输入: [ [0,0,0], [0,1,0], [0,0,0] ] 输出: 2 解释: 3x3 网格的正中间有一个障碍物。 从左上角到右下角一共有 2 条不同的路径:

  1. 向右 -> 向右 -> 向下 -> 向下

  2. 向下 -> 向下 -> 向右 -> 向右

解答

动态规划的推导公式是一样的,当前路径数量=上面格子路径数量+左边格子路径数量。两条初始边都是1。

如果数组原来是0,那么就用公式,如果是1,那么就把它变成0,因为没有路可以到那里。

class Solution:
    def uniquePathsWithObstacles(self, obstacleGrid: List[List[int]]) -> int:
        if not obstacleGrid or obstacleGrid[0][0] == 1:
            return 0
        row = len(obstacleGrid)
        col = len(obstacleGrid[0])
        obstacleGrid[0][0] = 1
        for i in range(1, col):
            if obstacleGrid[0][i] == 1:
                obstacleGrid[0][i] = 0
            else:
                obstacleGrid[0][i] = obstacleGrid[0][i-1]
        for i in range(1, row):
            if obstacleGrid[i][0] == 1:
                obstacleGrid[i][0] = 0
            else:
                obstacleGrid[i][0] = obstacleGrid[i-1][0]

        for i in range(1, row):
            for j in range(1, col):
                if obstacleGrid[i][j] == 0:
                    obstacleGrid[i][j] = obstacleGrid[i-1][j] + \
                        obstacleGrid[i][j-1]
                else:
                    obstacleGrid[i][j] = 0
        return obstacleGrid[-1][-1]

Runtime: 40 ms, faster than 98.50% of Python3 online submissions for Unique Paths II.

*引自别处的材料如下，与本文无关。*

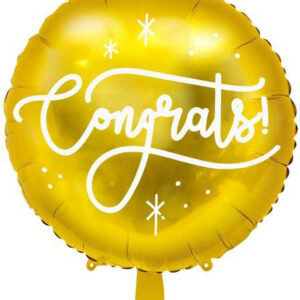 Congrats! - Rund Gullfarget Folieballong med Hvit Tekst 35 cm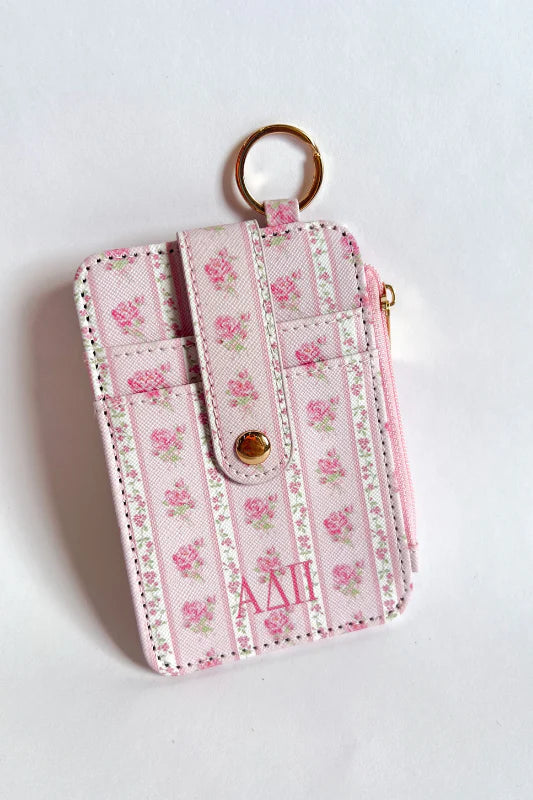 Greek Floral Cardholder Keychain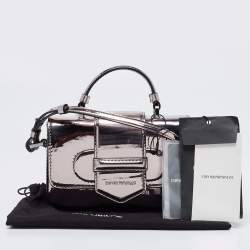 Pre Owned Emporio Armani Metallic Grey Patent Leather Mini Flap Top Handle Bag
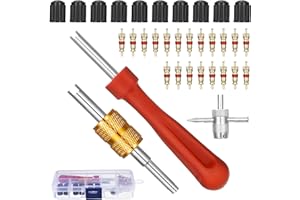 tonyg-p Reifenventilentferner Ventil Reparatur mit Doppel und Einzelkopf Ventilkern, 1 Stück 4 Wege Ventilkernwerkzeug, 10 Stück Reifenventilkappen, 20 Stück Ventilkern (Gold)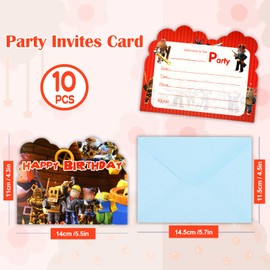 10Pcs Party Invitations Kids Birthday Party Invitations for Kids, Party Invites Boys Girls Children with Envelopes, Double Sided Invite Cards for Birthday Baby Shower Party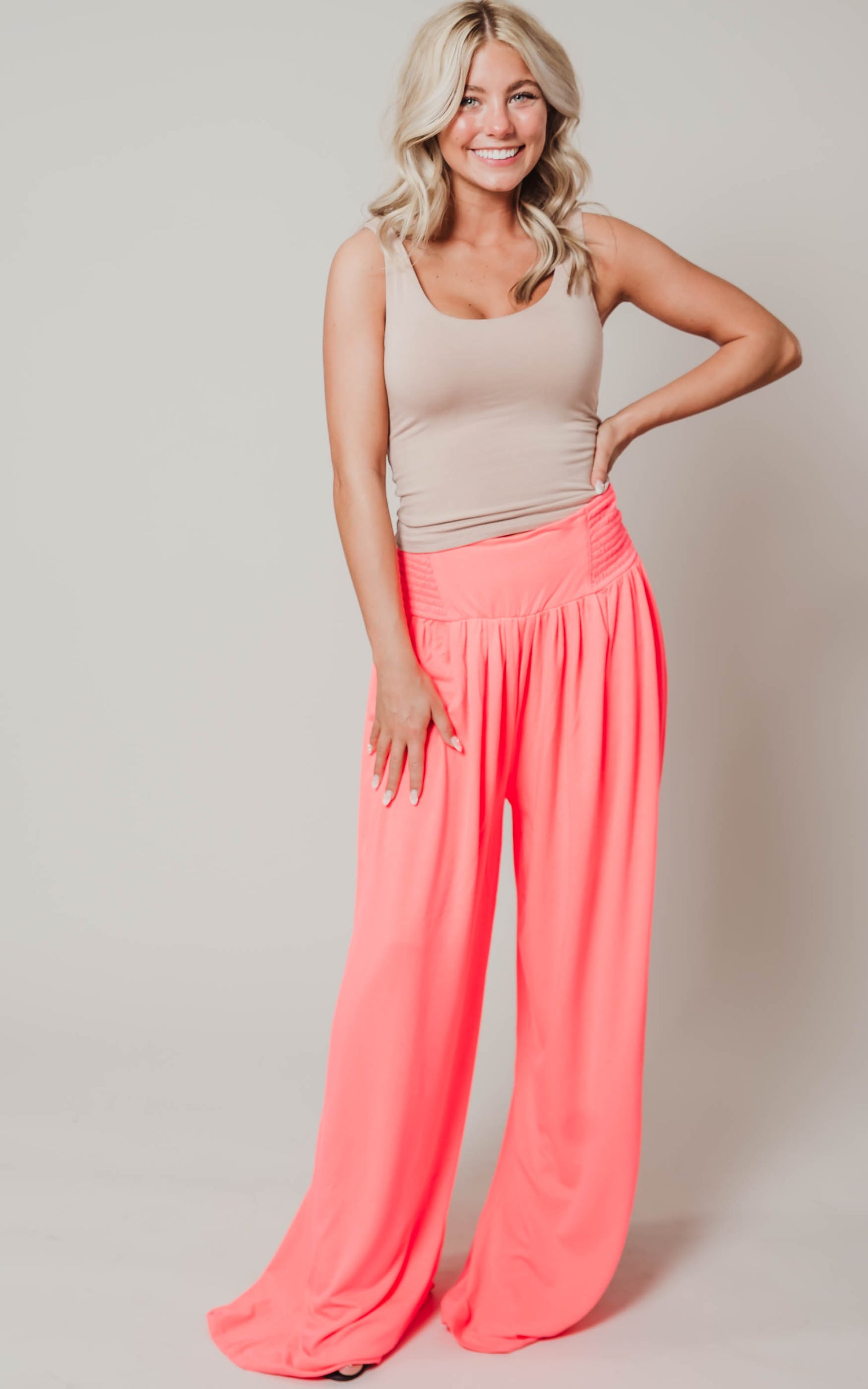 coral wide leg pants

Memory Usage: 12.7 MB, less than 100.00% of Python3 online submissions for Unique Paths II.

var uniquePathsWithObstacles = function(obstacleGrid) {
  if (!obstacleGrid || obstacleGrid[0][0] === 1) {
    return 0
  }
  row = obstacleGrid.length
  col = obstacleGrid[0].length
  obstacleGrid[0][0] = 1
  for (let i = 1; i < row; i++) {
    if (obstacleGrid[i][0] === 1) {
      obstacleGrid[i][0] = 0
    } else {
      obstacleGrid[i][0] = obstacleGrid[i - 1][0]
    }
  }
  for (let i = 1; i < col; i++) {
    if (obstacleGrid[0][i] === 1) {
      obstacleGrid[0][i] = 0
    } else {
      obstacleGrid[0][i] = obstacleGrid[0][i - 1]
    }
  }
  for (let i = 1; i < row; i++) {
    for (let j = 1; j < col; j++) {
      if (obstacleGrid[i][j] === 1) {
        obstacleGrid[i][j] = 0
      } else {
        obstacleGrid[i][j] = obstacleGrid[i - 1][j] + obstacleGrid[i][j - 1]
      }
    }
  }
  return obstacleGrid[row - 1][col - 1]
};

Runtime: 52 ms, faster than 95.23% of JavaScript online submissions for Unique Paths II.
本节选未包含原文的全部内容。